## Work to complete
Omit the pictures, then reproduce every remaining record exactly.

Pictures with short captions

============

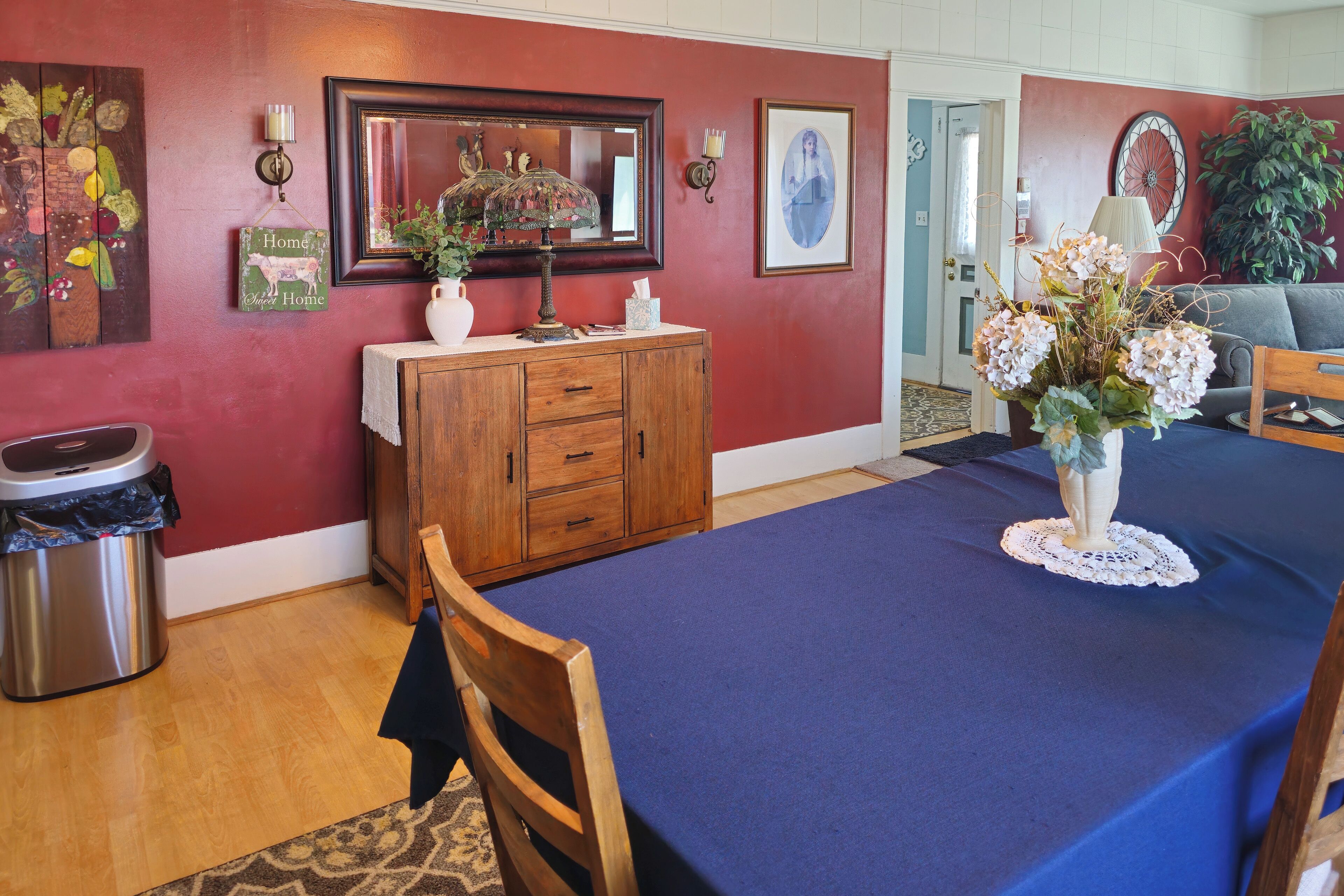 A dining area with a blue tablecloth, wooden chairs, a vase of flowers, a wooden cabinet, and wall decorations.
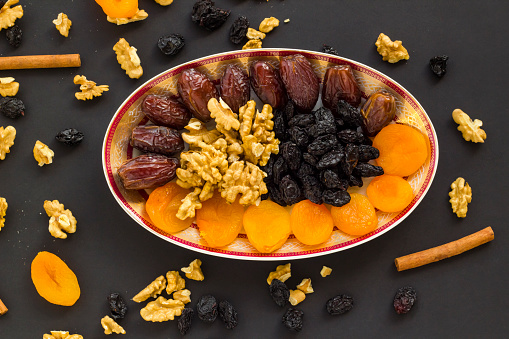 Above view of Traditional Dried Date Fruits designed in the stylish plate with apricot,walnut and grapes on the black surface.Ramadan Concept.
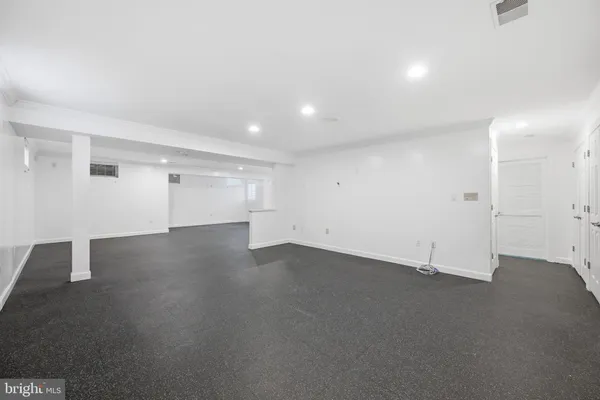 an empty room with staircase and white walls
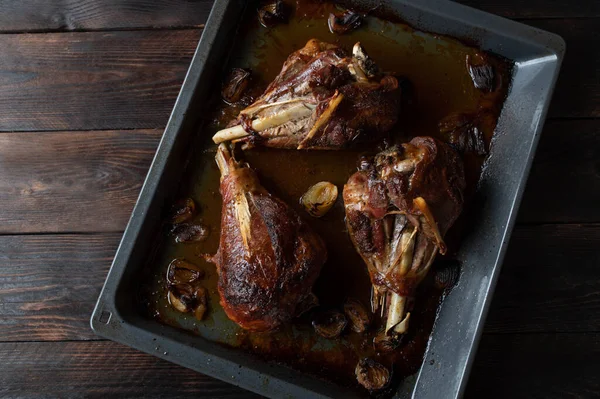 Roasted turkey legs or shanks on a baking sheet isolated on dark wooden background. Flat lay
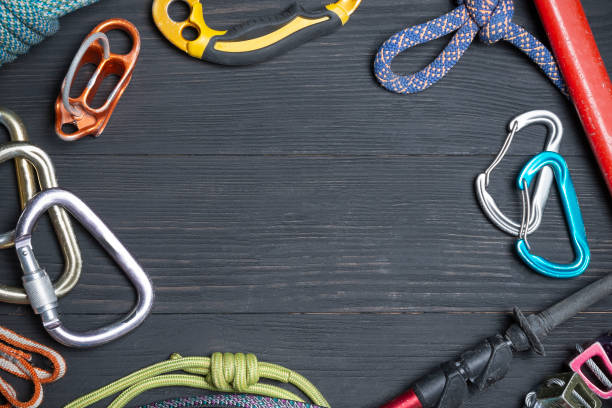 istock climbing equipment on a wooden black background 1127337946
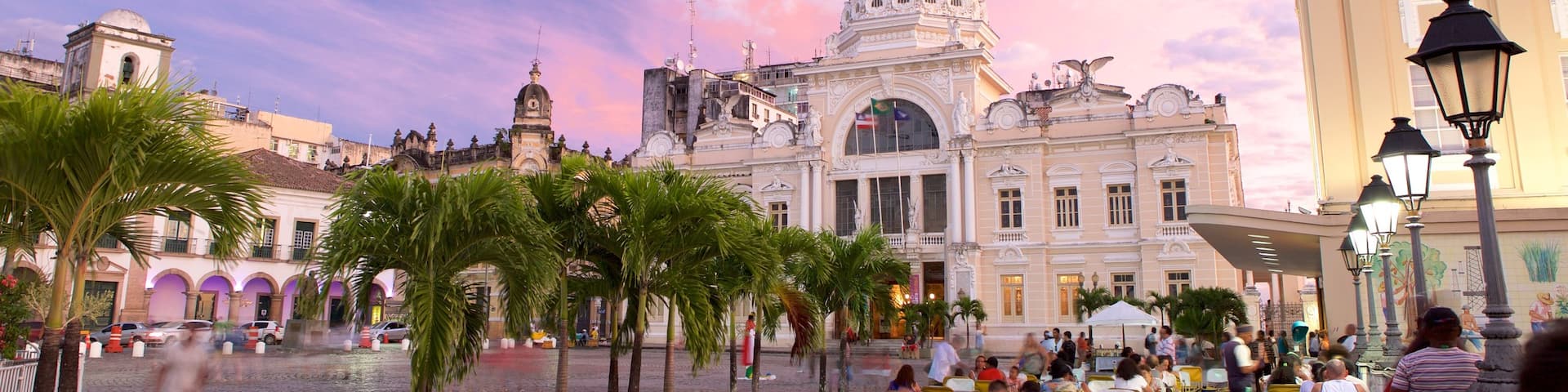 Salvador featuring an administrative buidling, a sunset and outdoor eating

============

## Exercise solution
 A dining area with a blue tablecloth, wooden chairs, a vase of flowers, a wooden cabinet, and wall decorations.
 Above view of Traditional Dried Date Fruits designed in the stylish plate with apricot,walnut and grapes on the black surface.Ramadan Concept.
 an empty room with staircase and white walls
 Roasted turkey legs or shanks on a baking sheet isolated on dark wooden background. Flat lay
 istock climbing equipment on a wooden black background 1127337946
 Salvador featuring an administrative buidling, a sunset and outdoor eating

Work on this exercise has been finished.